Quote Originally Posted by bipper
The newton says this: http://www.newton.dep.anl.gov/askasc...0/bot00134.htm

Botanically speaking, anything that bears or is a seed is considered a fruit.
There are different kinds of fruit, ie nuts are a kind of
fruit. Vegetables
are any part of the plant that doesn't have to do with making new plants.
Lettuce is a leaf, carrot is a root, celery is a stem. I think I heard a
story of how the legal definition of a fruit vs. veggie was established as a
way of avoiding taxes or tarifs or something.

vanhoeck
Further proving that vegetable has no specific definition - some scientists are saying one thing, some scientists are saying another.

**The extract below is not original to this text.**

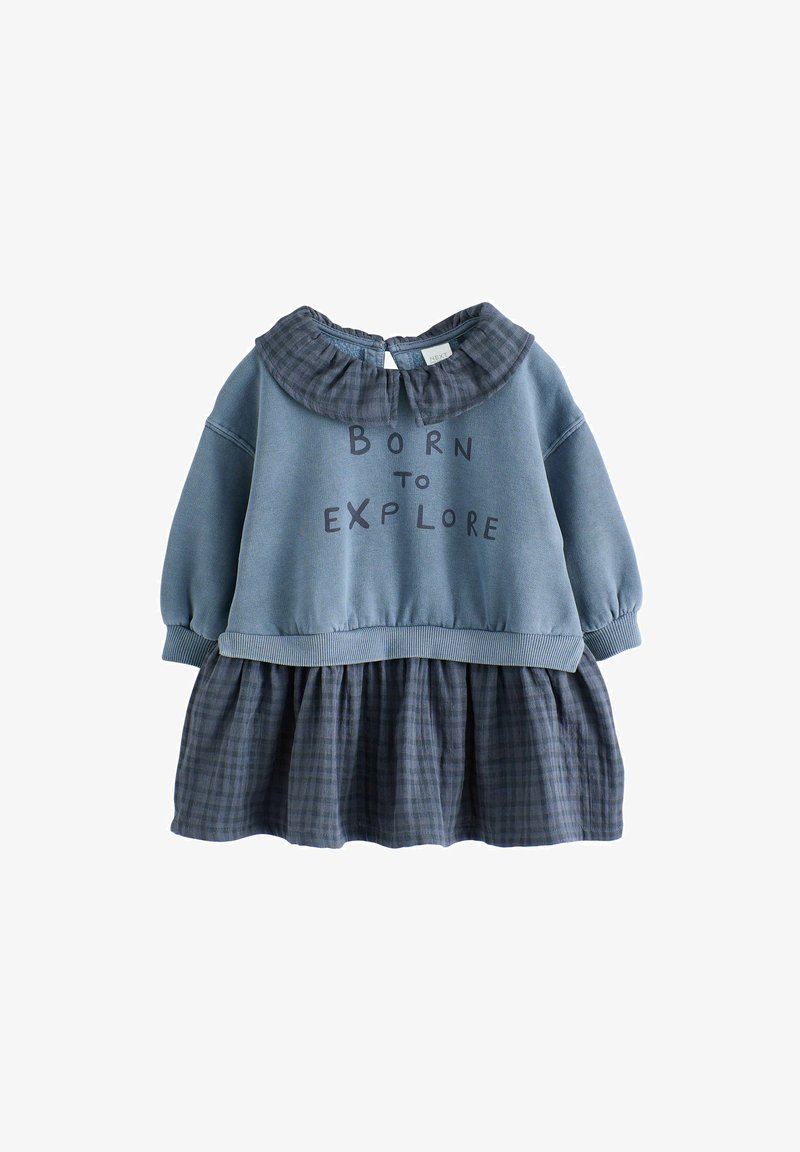 Robe bébé bleu avec col à volants, manches longues, jupe à carreaux et texte « NÉ POUR EXPLORER » sur la poitrine.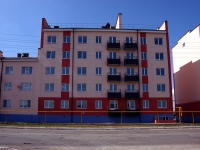 波赫维斯特涅沃, Berezhkov st, 房屋 16. 公寓楼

Someone on the same page...
I do not have an adequate definition for 'vegetable', but my feeling for its
routine meaning is any part of a plant consumed whether a stem (celery), a
leaf (lettuce), a root or tuber (radish, or potato, respectively), and in
some cases the fruit of fertilization or structures bearing them (cucumbers,
yes-tomatoes). Add to this such items as mushrooms (basidiocarps of fungi)
and you get the idea....the term vegetable has come to mean most anything
which is not animal or mineral which we find in the 'produce' section of the
supermarket. Thus, the term vegetable has somewhat lost a botanical
usefulness
in that there are more specific terms to use depending on the
particular structure being discussed.